In fact, your narrow definition of 'community' is elitist and closely mirrors its use in the mainstream press (such as in 'international community', which just means 'the West').
So, this is against my better judgment, but I'll try to give a bit more description. You sound earnest here, and heck, you remind me a bit of myself from 15 years ago. That said, I want to focus entirely on the meta argument. I don't think there's any use in going further on the argument itself. To caricature our positions, at the end of this conversation, you can still think of me as a liberal communist who wants to tax away all of John Galt's hard-earned money, and I can still think of you as an idealist libertarian who thinks their lottery ticket into capitalism will pay off. But hopefully we'll be able to have better conversations in the future.
Many of your arguments are insufficiently defined. You make a statement, and then force others to assume what you meant from it in order to have any further conversation. When people do, you instead say that there was a different intended interpretation. For example, in the thread between you and me, the ambiguity of what you meant by time and effort earning money. Or, in your thread with "teddyh", your ambiguity about what you would like done to government.
In other cases, you ask questions that have obvious follow-ups or obvious follow-ups. They don't function as rhetorical questions, because the obvious follow-up works against the point you are making. Instead, they come across with the impression that you are deliberately wasting somebody's time by requiring somebody else to give the bare background information on a topic. For example, when you ask "If there are indeed 'low-effort, high-income' jobs, why isn't everybody doing them?". To me, the obvious follow-up is that there are structural imbalances that allow access to those jobs only to subsets of the population. We can talk about what those structural imbalances are and how they manifest, but needing to first establish that different people have different opportunities available to them is one step removed. That is what makes people feel that you are arguing in bad faith, because it makes the argument be on something that had been taken as given when entering the conversation.
Another part is that it is just so damn hard to tell the difference between earnest people and trolls. I know people personally who have your views. Heck, I had pretty close to your views for a while after reading Terry Goodkind's "Faith of the Fallen". But this is also the internet, where I don't know people other than by the few words in an individual comment, or a single comment thread.
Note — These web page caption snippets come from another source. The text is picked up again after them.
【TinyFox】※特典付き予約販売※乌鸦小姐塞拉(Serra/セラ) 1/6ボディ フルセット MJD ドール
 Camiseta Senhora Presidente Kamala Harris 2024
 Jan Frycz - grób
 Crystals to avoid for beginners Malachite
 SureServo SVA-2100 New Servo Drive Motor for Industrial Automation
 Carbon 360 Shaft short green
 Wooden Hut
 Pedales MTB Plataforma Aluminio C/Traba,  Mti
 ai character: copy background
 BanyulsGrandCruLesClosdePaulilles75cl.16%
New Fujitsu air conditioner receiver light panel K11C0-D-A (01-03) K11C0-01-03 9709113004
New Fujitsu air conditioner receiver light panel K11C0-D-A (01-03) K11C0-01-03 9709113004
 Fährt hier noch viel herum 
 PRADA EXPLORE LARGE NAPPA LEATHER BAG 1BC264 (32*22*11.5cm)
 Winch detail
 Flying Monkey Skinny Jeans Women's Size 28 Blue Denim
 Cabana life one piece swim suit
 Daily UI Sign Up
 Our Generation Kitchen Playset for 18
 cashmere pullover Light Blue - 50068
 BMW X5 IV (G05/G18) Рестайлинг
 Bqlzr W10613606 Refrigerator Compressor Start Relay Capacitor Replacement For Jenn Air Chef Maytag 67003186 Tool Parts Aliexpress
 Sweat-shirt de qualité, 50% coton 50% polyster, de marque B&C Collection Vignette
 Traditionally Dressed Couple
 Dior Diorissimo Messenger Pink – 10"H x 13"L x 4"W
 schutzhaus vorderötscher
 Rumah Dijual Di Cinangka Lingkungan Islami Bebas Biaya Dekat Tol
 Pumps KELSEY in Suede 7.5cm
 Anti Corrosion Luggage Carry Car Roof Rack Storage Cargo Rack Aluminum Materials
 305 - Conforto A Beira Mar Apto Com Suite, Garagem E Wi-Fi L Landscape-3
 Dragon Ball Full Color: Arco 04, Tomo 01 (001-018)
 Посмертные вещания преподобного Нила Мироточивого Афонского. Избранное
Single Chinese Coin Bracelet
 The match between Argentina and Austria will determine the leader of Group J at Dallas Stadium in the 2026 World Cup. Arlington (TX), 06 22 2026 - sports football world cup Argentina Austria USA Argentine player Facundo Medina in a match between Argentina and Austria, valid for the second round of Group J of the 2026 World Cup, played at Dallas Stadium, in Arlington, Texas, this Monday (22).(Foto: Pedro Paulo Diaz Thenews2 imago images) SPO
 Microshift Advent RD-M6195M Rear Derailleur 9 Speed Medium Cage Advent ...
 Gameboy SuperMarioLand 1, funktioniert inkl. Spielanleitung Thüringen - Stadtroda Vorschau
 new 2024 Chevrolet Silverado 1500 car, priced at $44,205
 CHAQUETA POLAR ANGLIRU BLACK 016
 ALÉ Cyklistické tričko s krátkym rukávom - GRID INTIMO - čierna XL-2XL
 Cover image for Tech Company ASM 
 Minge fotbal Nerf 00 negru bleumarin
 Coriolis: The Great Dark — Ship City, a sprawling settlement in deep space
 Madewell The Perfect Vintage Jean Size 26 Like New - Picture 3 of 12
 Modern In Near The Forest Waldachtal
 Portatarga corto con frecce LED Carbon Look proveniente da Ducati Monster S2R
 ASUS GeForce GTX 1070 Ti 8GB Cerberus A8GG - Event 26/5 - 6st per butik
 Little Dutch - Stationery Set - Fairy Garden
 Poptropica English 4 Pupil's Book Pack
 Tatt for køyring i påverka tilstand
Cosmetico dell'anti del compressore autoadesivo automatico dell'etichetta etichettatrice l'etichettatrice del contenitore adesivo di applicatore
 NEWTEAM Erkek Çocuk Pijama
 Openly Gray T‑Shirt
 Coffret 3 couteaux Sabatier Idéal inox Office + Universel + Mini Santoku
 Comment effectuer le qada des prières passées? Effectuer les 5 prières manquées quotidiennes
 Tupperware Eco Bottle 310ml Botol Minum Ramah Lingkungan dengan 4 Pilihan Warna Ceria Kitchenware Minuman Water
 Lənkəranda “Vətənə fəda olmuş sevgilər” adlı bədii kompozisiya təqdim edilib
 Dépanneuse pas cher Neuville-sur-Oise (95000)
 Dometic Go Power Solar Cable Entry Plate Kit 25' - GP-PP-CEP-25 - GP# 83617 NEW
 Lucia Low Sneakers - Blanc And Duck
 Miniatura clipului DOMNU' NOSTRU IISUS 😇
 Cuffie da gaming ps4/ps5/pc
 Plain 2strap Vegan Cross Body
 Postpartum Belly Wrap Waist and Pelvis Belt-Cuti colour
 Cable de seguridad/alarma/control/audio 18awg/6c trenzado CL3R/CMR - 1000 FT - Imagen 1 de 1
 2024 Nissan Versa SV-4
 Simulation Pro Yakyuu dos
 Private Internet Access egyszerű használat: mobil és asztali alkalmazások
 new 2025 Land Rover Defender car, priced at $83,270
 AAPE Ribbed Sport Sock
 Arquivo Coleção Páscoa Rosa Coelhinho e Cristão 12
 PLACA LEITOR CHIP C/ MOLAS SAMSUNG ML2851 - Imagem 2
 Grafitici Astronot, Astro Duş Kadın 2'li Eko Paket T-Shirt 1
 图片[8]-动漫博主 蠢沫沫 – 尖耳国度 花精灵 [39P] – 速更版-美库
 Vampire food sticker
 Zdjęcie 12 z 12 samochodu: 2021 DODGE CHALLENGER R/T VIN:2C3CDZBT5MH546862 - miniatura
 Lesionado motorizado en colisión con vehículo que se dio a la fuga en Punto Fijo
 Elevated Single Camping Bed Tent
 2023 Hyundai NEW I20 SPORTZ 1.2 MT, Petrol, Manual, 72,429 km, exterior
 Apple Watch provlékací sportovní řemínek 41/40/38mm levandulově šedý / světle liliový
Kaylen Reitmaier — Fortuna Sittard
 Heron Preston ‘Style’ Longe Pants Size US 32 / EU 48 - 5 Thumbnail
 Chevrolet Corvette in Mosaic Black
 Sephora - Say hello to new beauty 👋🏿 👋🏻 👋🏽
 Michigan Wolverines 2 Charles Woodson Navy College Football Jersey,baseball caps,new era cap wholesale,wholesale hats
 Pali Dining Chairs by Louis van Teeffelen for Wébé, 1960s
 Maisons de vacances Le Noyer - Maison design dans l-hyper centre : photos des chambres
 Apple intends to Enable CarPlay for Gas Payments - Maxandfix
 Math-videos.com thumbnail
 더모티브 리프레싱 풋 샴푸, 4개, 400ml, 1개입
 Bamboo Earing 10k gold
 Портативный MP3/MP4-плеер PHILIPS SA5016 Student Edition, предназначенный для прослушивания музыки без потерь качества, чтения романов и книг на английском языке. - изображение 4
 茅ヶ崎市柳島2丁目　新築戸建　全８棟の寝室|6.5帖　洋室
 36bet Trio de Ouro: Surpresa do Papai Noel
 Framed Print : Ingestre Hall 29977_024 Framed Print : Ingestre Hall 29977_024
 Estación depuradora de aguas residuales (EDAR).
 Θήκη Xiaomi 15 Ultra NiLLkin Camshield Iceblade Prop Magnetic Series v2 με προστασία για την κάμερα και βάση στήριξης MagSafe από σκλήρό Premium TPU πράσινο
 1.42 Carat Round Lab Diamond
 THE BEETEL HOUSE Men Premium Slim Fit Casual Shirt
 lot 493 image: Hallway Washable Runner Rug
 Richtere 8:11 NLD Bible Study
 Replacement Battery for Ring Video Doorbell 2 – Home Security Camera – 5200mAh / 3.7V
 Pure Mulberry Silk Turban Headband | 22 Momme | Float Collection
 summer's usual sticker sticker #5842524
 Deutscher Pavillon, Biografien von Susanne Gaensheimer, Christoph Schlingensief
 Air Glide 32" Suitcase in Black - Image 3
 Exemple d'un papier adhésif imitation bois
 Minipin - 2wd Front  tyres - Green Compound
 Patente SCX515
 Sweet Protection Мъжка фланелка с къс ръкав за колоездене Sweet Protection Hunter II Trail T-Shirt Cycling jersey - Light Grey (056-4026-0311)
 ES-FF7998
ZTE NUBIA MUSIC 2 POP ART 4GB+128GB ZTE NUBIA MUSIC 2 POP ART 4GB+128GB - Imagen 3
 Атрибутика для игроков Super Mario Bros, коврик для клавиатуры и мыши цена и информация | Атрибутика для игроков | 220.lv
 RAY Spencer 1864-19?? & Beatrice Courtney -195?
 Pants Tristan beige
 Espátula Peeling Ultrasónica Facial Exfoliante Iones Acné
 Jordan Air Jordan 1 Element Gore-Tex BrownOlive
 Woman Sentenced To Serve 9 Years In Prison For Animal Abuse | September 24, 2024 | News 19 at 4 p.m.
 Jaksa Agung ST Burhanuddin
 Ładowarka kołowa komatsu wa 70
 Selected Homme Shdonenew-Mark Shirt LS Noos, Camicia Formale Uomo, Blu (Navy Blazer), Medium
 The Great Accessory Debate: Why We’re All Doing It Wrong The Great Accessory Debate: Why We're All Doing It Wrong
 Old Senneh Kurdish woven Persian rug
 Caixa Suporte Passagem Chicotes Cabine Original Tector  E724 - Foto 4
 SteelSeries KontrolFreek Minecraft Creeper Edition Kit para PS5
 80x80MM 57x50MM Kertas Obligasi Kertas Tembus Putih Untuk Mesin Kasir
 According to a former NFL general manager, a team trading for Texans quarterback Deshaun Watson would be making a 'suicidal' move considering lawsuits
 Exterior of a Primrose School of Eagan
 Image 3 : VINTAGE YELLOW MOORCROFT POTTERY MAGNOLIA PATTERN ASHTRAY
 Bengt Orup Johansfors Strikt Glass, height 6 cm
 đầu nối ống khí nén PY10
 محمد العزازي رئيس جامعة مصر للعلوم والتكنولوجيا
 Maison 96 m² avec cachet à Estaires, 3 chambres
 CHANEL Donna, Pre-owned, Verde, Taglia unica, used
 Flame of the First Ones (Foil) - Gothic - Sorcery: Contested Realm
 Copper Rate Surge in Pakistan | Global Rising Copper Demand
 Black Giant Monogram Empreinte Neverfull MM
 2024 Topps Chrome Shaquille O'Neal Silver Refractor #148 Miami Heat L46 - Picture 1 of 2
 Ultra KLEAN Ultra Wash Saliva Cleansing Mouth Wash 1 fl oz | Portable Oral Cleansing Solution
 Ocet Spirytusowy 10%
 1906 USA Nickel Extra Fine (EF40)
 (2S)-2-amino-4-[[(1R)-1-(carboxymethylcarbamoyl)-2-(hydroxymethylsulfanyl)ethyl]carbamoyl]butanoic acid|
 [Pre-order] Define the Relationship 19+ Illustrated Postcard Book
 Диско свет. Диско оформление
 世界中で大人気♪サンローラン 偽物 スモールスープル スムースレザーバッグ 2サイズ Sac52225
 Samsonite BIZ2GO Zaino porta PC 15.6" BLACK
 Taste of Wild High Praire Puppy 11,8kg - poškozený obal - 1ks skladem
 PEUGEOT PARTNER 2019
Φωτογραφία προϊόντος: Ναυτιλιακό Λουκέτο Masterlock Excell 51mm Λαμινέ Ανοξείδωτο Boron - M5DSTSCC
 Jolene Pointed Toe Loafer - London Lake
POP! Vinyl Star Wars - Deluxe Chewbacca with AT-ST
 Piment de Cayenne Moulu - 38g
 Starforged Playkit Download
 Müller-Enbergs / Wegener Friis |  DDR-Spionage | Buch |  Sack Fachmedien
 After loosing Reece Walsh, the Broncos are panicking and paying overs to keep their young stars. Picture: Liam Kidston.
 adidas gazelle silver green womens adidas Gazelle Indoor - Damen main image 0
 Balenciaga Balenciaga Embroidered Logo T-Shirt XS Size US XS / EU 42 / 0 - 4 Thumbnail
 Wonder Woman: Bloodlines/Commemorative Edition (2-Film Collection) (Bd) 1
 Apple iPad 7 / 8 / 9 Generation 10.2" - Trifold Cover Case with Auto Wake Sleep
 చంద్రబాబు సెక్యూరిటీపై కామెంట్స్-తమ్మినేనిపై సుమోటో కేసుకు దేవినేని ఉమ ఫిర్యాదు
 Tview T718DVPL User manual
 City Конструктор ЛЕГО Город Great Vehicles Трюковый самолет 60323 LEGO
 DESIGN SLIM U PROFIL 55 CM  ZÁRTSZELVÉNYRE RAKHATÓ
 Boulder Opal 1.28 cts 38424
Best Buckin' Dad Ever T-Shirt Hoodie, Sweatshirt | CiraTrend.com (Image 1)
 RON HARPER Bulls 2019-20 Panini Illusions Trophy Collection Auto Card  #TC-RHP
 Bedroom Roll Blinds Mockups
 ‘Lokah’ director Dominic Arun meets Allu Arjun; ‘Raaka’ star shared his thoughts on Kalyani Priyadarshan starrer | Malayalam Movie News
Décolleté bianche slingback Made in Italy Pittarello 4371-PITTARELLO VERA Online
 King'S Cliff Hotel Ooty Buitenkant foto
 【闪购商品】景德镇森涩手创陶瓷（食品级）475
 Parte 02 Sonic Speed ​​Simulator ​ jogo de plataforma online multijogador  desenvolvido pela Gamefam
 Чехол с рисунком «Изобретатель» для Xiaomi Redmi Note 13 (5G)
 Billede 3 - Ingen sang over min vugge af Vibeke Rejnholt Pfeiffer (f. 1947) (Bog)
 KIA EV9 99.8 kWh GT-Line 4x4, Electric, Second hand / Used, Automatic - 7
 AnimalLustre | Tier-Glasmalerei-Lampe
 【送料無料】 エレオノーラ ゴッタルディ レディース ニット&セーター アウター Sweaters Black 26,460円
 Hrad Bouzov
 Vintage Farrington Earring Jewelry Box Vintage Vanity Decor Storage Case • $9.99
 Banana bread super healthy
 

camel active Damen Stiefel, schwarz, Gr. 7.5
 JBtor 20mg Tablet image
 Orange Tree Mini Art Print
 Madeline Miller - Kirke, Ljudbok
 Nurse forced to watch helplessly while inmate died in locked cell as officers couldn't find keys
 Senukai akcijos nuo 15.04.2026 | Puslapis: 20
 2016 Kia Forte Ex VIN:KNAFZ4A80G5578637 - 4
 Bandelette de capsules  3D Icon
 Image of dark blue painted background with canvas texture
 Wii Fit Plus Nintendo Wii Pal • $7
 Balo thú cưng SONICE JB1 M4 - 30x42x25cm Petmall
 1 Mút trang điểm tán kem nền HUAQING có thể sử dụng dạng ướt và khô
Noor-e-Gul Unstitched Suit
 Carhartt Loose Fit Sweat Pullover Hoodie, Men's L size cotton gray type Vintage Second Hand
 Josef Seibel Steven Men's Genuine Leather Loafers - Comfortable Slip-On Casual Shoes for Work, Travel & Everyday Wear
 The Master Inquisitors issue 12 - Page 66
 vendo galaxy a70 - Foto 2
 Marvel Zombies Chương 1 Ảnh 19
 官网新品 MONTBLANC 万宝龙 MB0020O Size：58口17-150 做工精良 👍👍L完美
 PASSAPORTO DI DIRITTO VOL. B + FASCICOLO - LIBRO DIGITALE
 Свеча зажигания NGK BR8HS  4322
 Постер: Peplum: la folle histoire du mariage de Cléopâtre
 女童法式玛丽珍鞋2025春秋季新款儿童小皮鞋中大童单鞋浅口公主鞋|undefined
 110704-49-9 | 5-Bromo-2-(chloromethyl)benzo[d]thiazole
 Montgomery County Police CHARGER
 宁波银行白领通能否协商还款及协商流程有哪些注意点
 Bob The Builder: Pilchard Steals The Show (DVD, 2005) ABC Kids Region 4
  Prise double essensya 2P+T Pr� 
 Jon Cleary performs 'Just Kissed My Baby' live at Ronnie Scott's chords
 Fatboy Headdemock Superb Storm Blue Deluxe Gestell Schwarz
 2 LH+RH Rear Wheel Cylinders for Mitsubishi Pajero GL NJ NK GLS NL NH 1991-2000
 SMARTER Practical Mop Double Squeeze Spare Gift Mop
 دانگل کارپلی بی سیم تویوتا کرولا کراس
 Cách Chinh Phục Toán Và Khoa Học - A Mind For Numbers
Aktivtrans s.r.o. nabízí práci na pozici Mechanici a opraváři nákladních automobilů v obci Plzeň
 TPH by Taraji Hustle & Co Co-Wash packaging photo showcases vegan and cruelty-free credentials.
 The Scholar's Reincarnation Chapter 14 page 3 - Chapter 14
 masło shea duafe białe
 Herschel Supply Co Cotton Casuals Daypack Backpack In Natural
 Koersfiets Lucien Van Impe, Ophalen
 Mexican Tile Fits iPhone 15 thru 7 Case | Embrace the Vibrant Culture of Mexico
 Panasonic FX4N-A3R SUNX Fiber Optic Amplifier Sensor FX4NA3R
And depending on how far off somebody's views are from the Overton window of any particular forum, they can easily be the troll positions taken in order to rile up a crowd for their own amusement. Some people become desensitized to these attempts, and then assume that anybody with those views is automatically a troll. (See also, Brandolini's Law.)
I do honestly hope that you are sincere, and that this helps you to better express and examine your views in the future. It's hard to have conversation in a text-only medium, both because it is asynchronous communication, and because it doesn't have the side channel information of tone or facial expressions. Hopefully in the future, we can have more productive conversations and both come away the better for them.
You're welcome. I chose to earmark my dissent precisely for the same reason you ch engaged. I'm pretty done with the "silent majority" argument, but otoh I cannot drown myself in every quicksand :)
I didn't know that meme; it's actually funny. What's wrong with asking people to put their money where their mouth is? I thought engineers are not like these managers/salesmen/'talkers' that say one thing on the TED stage, then go do something completely different IRL and find that A-OK.
Don't argue with me then - but you should at least explain how anything I've said was in bad faith if you accuse me of that.
While I entertained the idea of arguing with you, there is simply no point and I've come to the conclusion there are better uses for my time.
I'll just burn some points to point out how disagreeable I find your position.